Go over the material below and report every line that contains the word "Shirt".

========================

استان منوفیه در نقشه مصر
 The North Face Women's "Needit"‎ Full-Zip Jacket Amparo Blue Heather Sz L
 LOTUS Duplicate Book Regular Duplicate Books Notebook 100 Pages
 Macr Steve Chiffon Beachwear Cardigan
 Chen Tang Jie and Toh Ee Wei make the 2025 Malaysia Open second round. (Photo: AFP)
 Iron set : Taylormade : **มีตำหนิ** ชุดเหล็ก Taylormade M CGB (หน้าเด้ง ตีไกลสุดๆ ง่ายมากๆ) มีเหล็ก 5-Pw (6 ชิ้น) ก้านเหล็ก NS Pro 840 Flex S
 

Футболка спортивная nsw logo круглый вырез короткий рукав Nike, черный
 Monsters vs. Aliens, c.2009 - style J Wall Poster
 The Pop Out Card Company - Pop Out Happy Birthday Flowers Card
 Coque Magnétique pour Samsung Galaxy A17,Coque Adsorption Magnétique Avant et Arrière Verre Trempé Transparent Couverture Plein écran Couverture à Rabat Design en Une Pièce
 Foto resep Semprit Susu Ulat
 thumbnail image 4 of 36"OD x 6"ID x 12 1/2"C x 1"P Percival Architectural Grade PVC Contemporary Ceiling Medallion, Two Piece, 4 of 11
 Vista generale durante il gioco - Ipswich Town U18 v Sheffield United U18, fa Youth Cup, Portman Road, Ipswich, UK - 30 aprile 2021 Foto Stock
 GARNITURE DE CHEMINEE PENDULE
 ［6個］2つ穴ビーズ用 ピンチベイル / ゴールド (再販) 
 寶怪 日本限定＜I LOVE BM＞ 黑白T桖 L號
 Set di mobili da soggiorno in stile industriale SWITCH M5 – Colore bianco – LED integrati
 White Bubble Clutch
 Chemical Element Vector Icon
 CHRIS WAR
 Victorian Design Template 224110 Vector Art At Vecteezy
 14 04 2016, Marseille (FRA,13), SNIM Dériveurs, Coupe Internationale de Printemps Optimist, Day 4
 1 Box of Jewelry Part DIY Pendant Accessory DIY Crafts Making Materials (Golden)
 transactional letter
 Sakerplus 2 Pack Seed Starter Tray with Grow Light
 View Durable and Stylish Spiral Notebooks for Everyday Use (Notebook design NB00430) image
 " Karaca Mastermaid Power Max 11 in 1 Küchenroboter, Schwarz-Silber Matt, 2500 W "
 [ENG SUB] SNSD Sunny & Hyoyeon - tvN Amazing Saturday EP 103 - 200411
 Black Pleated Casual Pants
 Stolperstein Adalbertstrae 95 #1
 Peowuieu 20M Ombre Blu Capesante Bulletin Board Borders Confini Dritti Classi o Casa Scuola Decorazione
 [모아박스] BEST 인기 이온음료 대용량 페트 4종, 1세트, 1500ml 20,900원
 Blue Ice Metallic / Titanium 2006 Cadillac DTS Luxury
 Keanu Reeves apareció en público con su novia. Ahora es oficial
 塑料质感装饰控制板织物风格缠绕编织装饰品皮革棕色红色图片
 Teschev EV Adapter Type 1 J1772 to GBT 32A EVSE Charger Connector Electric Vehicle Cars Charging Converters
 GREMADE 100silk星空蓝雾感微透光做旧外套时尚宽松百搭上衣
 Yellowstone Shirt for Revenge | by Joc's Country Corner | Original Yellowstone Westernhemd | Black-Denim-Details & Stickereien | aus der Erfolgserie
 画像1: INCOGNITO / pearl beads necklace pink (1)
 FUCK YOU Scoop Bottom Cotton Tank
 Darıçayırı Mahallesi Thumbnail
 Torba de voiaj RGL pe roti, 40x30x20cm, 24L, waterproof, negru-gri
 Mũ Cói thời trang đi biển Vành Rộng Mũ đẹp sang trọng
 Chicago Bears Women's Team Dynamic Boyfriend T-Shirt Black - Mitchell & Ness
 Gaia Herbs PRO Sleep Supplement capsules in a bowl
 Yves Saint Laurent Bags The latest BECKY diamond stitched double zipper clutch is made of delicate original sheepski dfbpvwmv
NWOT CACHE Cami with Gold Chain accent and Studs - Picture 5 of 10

========================

__Written solution__.
 Yellowstone Shirt for Revenge | by Joc's Country Corner | Original Yellowstone Westernhemd | Black-Denim-Details & Stickereien | aus der Erfolgserie
 Chicago Bears Women's Team Dynamic Boyfriend T-Shirt Black - Mitchell & Ness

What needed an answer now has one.